До какой степени они полиняли, видно из признаний, написанных Гнедичу в августе того же 1811-го года из деревни. Признание в себе «маленькой философии» приведено уже выше в главе VII. Вот еще одно случайное, но интересное. Батюшков только что появился: «Я часто унываю духом, но не совсем», — только что сделал меткую оценку поэмы Буниной «О счастии», как ни с того ни с сего впал в безнадежье. «Я ничего не пишу, — неожиданно начинает он, — все бросил. Стихи к черту! Это не беда; но вот что беда, мой друг: вместе с способностью писать я потерял способность наслаждаться, становлюсь скучен и ленив, даже немного мизантроп. Часто, сложа руки, гляжу перед собою и не вижу ничего; а смотрю — а на что смотрю? — На муху, которая летает туда и сюда. Я мечтатель? О! совсем нет! Я скучаю и, подобно тебе, очень часто говорю: люди все большие скоты, и аз есмь человек… окончи сам фразу. Где счастие? Где наслаждение? Где покой? Где чистое сердечное сладострастие, в котором сердце мое любило погружаться? Всё, всё улетело, исчезло… вместе с песнями Шолио, с сладостными мечтаниями Тибулла и милого Грессета, с воздушными гуриями Анакреона… Все исчезло!.. И вот передо мной лежит на столе третий том „Esprit de l'histoire“ par Ferrand[88], который доказывает, что люди режут друг друга затем, чтобы основывать государства, а государства сами собою разрушаются от времени, и люди опять должны себя резать, и будут резать, и из народного правления всегда родится монархическое, и монархий нет вечных, и республики несчастнее монархий, и везде зло, и наука политики есть наука утешительная, поучительная, назидательная, и истории должно учиться размышлять… и еще Бог знает что такое! Я закрываю книгу. Пусть читают сии кровавые экстракты те, у которых нет ни сердца, ни души. Теперь берусь за Локка. Он говорит мне: для счастия своего ищи, ищи истины. Но где она? Был ли он сам меня счастливее? Гоббес боялся чертей, а сам писал против бестелесных тварей. Так, мой Николай, науки не могут питать сердце. Они развлекают его на время, как игрушки голодных детей; а сердце все просит любви; она — его пища, его блаженство; и мое блаженство — ты знаешь это — улетело на крыльях мечты. Есть ли у меня желания? Есть ли надежда? Я часто себя спрашиваю и отвечаю: нет!» (II, 178–179) Нельзя без скорбного чувства читать эту «длинную Казанью», — так назвал Батюшков затянувшееся сказание своей душевной исповеди.

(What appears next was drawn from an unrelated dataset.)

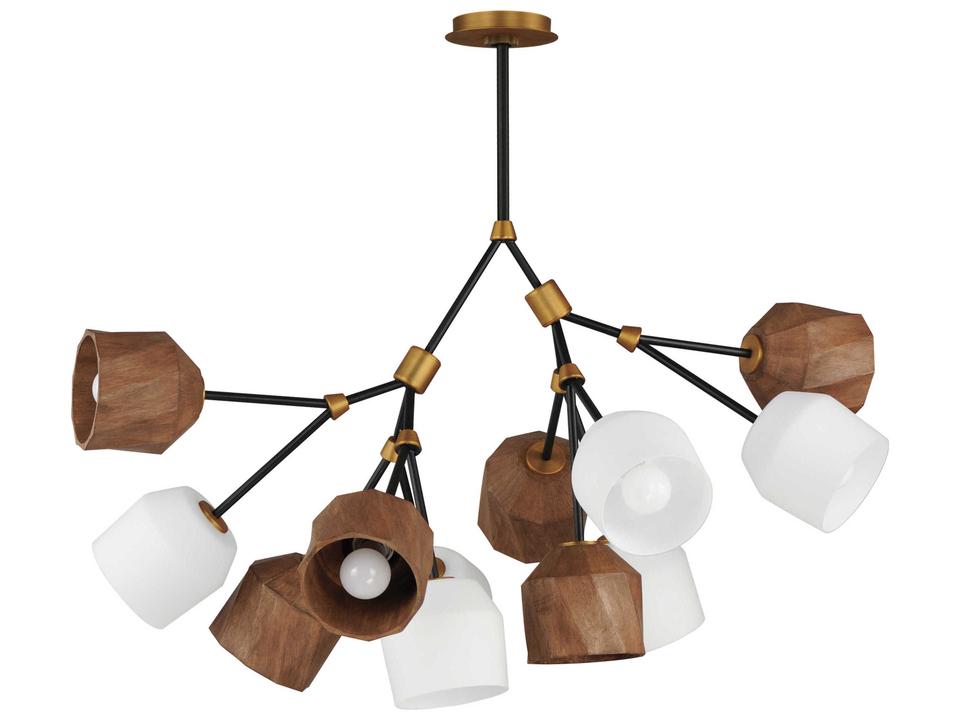 Akimbo 12-Light Dark Bronze Antique Brass LED Chandelier with Black Glass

Из нее видно, что уже на 24-м году жизни он переживал едва выносимые подступы отчаяния за себя, уклончиво оправдывая их то чувствительностью сердца, то — как сейчас сказано, — ссылками на историю человечества.

В ответном письме в сентябре он успокаивал волновавшие Гнедича тревоги такими, между прочим, соображениями: «Ты сердишься на людей? Они тебя обманули? — Чудак! — Ты в них обманулся! Чего ожидал от них? — услуг, дружбы, благоволения за то, что пишешь хорошие стихи!!! Ошибся, и после того вздумал поносить человечество. Дарование есть упрек, укоризна; оно — враг тончайшей из страстей: самолюбию. Люди его ласкают сначала (ибо оно нам доставляет минутное удовольствие), но вскоре опомнятся и рано или поздно отмстят. Вот твоя участь! Но из этого я не заключаю, чтоб все были подлецы или дураки, и смело исключаю тех, которые нам желали когда-нибудь добра. Прибавь к тому, что поэзия, сие вдохновение, сие нечто изминающее душу из ее обыкновенного состояния, делает любимцев своих несчастными счастливцами. И ты часто наслаждаешься потому, что ты пишешь, и ты смотришь на мир с отвращением, потому что ты пишешь» (II, 180–181). Из-за этих утешений слышится признание, что Батюшков сам себя признавал «несчастным счастливцем», потому то «предвидел», что его дарование раньше или позже должно было сделаться источником его «несчастия».